Trying to figure out EU law is a daunting task for a non-European like myself. So I appreciated an AP article carried in The Mercury News [reg. req'd], explaining the various options the judge has in the EU v. Microsoft case. Hearings on Microsoft's request for a stay of execution, so to speak, until the appeals process is over have just concluded. The article also set forth what Microsoft had to prove to prevail, and it seems to be a pretty high bar to reach. The judge said he'll rule "as soon as possible" and the article interprets that to mean that there should be a ruling in about a month or two.
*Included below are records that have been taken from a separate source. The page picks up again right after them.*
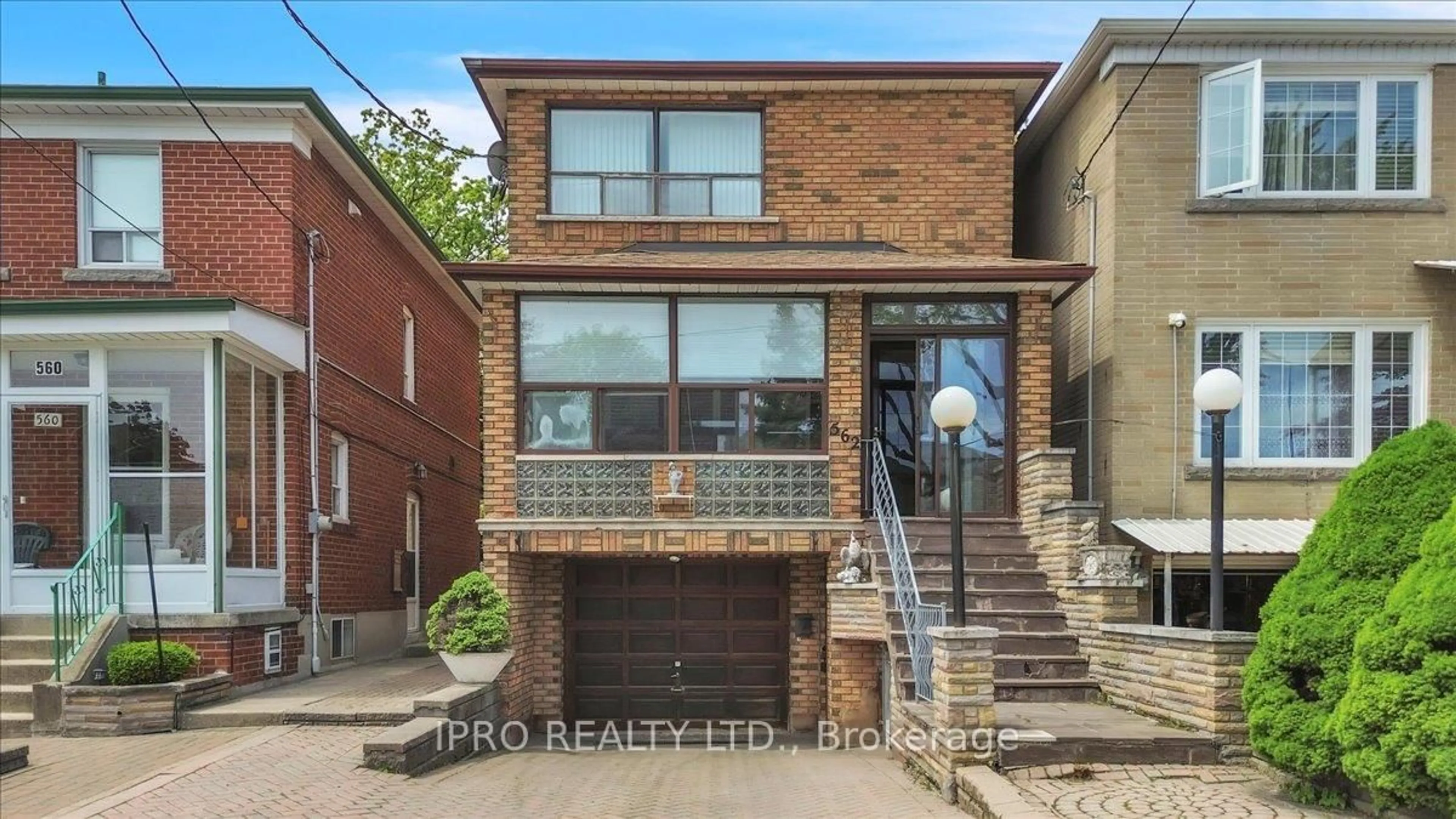 Home with brick exterior material, street for 562 harvie Ave, Toronto Ontario M6E 4M1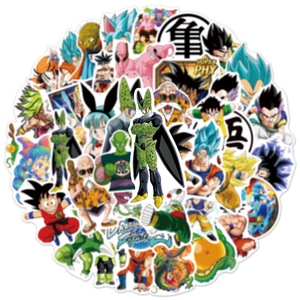 动漫DBZ笔记本吉他手提箱防水涂鸦卡通贴纸50件/包 - Product Image 1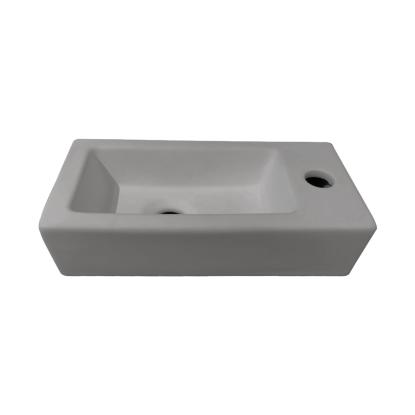 Best Design Farnetta håndvask, højre, 37 x 18 cm, mat grå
Here is what the article says:
"The judge has the power to suspend the EU order in total or in part, but cannot rewrite it himself. However, legal experts say he could suspend it for a limited period to encourage the parties to work things out, reporting back to him on their progress, as he did in a recent case involving the European Commission and French beef producers. . . .
"To win its stay, Microsoft had to prove it had a good chance of winning the overall appeal, that it would suffer 'irreparable harm' if the order went into effect now, and that its interests were not outweighed by those of consumers or competitors in the market."
This particular judge, they say, seemed to be trying to get the parties to negotiate some kind of a compromise, even making specific suggestions, but the EU wants a ruling. The judge also seemed to be hardest on the EU lawyers, judging by the questions he put to each side, but those in the know told the AP reporter it doesn't foreshadow anything with regard to his eventual ruling.
The article also says that he has granted a stay in fewer than 20% of cases he has handled over the past three years. Microsoft's attorney, Brad Smith, was quoted as saying, "There must be a better way to address these issues." Whatever the judge decides, it can be appealed to the president of the highest EU court.
Someone sent me a link yesterday to an article by Maureen O'Gara, this time about PubPat and another one about Sun. I was going to answer them, viewing them as FUD, but then I noticed her statistics. I did some math, and I realized that Groklaw got more page views in an hour than she got all day on both those stories. Specifically, I compared the one story Groklaw ran Sunday, as of 7ish in the morning, with the two that she had put up Sunday morning on LinuxWorld.
We had, as of around 2 AM Monday morning, 23,776 page reads on that one story, and 474 comments. It's more now, of course, but that is when I did the comparison.
Maureen's stats at Linuxworld, and they get crawled by Google, so the stories can be listed on Google News and at least one of them was, as of 2 AM were: she
had 159 page reads and no comments on one story and 1,172 page reads and 2 comments on the other. That is a grand total of 1,331 page reads and 2 comments for the day on those two stories. (At 2 AM, I notice a third story, but I didn't see it on the list in the morning, so I can't do a comparison now, not knowing when it was posted.)
I realize if she is syndicated, there may be other viewers elsewhere, but it's still a remarkable difference, particularly when you consider that Groklaw is also picked up all over the internet and run word for word in many, many places, so our stats are actually much higher than just what we get here. Sunday is also traditionally our slowest day, for that matter. The Creative Commons license means anyone can reproduce the content for noncommercial purposes, and they do. I don't permit bots to crawl Groklaw, so Google can't spread it, but it spreads remarkably anyway. We also have an XML feed and a newsletter.
So, after giving it some thought, I decided not to write anything, even though I see today some more proSCO junk, because I would surely only give her publicity and thus spread her views. I'll watch her stats and if anyone much starts to read something she writes, then I'll maybe respond and clear up some facts, as appropriate. This doesn't mean I won't write about the same topic here and there. I just won't link or do a direct answer.
I found those statistics very encouraging, and I hope this report from the FUD battlefront encourages you,
too. You might find this article of interest too. It's a study about business, and on the dangers of ignoring Generation Tech. They mention blogs, and one senior exec is quoted as saying, "Blogging has proven the vitality of participatory journalism. Now there are people like me coming along and trying to figure out how to package it." Heh heh. Package it. Right. Back to class for him, I'd say.
Of course, we actually had 1,474 comments, but I deleted all the pro-SCO ones.
Sunday's story wasn't even about SCO. I haven't ever removed any pro-SCO comments that I am aware of. I just couldn't resist horsing around, after reading all the lying astroturfing that goes on about Groklaw elsewhere, which someone else was nice enough to tell me about. I wonder, whoever could be behind such a campaign?